I took M. and friend on a little field trip to the Chazen Museum today.
This Deborah Butterfield horse sculpture is one of my favorites from the permanent collection. It's actually part of ArtSmart program, a collaborative program between the museum and the school district. We had posters of this work and some of Deborah Butterfield's other works at school, and I had some lesson plans based on her work. One I remember in particular was a felt hobby horse I made with kindergartners - great fun but very labor-intensive for yours truly.
This is one that M. was particularly taken with. I don't remember who the artist is, though... I'll have to look it up next time we go.
There is one Louise Nevelson work in the permanent collection. Both M. and I like the use of the violin (and cello?) bridges in the piece. Every time I see it I think about getting some old bridges to use in some assembly work. I do have a little collection of the pegs for strings... I always thought they would make great little doll pieces.
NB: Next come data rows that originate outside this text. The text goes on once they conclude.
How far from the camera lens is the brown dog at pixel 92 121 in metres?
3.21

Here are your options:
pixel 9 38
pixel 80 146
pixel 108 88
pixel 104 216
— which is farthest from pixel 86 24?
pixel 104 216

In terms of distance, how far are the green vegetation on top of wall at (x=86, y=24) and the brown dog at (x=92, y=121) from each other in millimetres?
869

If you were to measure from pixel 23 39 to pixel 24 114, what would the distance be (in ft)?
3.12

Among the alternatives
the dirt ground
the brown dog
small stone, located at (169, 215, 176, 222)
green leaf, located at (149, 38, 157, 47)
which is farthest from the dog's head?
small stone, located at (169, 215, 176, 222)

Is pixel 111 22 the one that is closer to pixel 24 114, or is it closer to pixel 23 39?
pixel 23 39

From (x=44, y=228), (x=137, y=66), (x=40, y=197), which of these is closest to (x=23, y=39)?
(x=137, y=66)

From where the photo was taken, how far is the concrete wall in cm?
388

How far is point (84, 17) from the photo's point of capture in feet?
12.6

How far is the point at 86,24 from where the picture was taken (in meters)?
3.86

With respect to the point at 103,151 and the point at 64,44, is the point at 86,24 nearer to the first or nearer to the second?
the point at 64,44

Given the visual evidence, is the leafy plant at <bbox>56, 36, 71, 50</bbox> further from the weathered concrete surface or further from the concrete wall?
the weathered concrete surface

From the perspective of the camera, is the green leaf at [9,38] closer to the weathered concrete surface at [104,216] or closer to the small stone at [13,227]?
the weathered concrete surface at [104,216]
We were actually there to see an temporary exhibit: "Ringmaster: Judy Onofrio and the Art of the Circus". The museum description:
"Judy Onofrio’s life-sized sculptures of extraordinary performers, animals, and circus acts will be exhibited alongside examples of banners, posters, and carvings—drawn from the Circus World Museum collection—that have inspired her work. Onofrio’s glittering constructions are carved, molded, painted, and assembled from wood, fiberglass, beads, ceramic shards, and collected objects. With Onofrio as ringmaster, these materials take form as contortionists, acrobats, and magicians of yesteryear who once again twist, soar, and cast spells for audience..."
Photographs of the temporary exhibits are not allowed, but you can see some of the pieces that were on display at her website. I was amazed at how large the pieces were... some of them must have been 12 feet high... and so detailed.
In Ring of Fire, (third row down on the page you can get to from the "exhibition" link on the left), the woman balances without being attached to the hoop... you can see her swaying gently up in the air.
I've probably passed by this door a million times... it's a church right in the middle of campus... between the Humanities Building, the Chazen, the University Book Store, and the Lake Street Parking Ramp (where I have spent countless hours roaming in circles looking for parking), but I don't think I've ever had a camera when I passed by the very cool doors.
We wandered over to the Union, got a Babcock Hall ice cream cone, and sat out on the terrace to watch the lake and the boats. (This is right after the major rains/flooding we had here, so the lake level is really high, and probably a bit toxic at this point, but that doesn't seem to phase anybody out there.)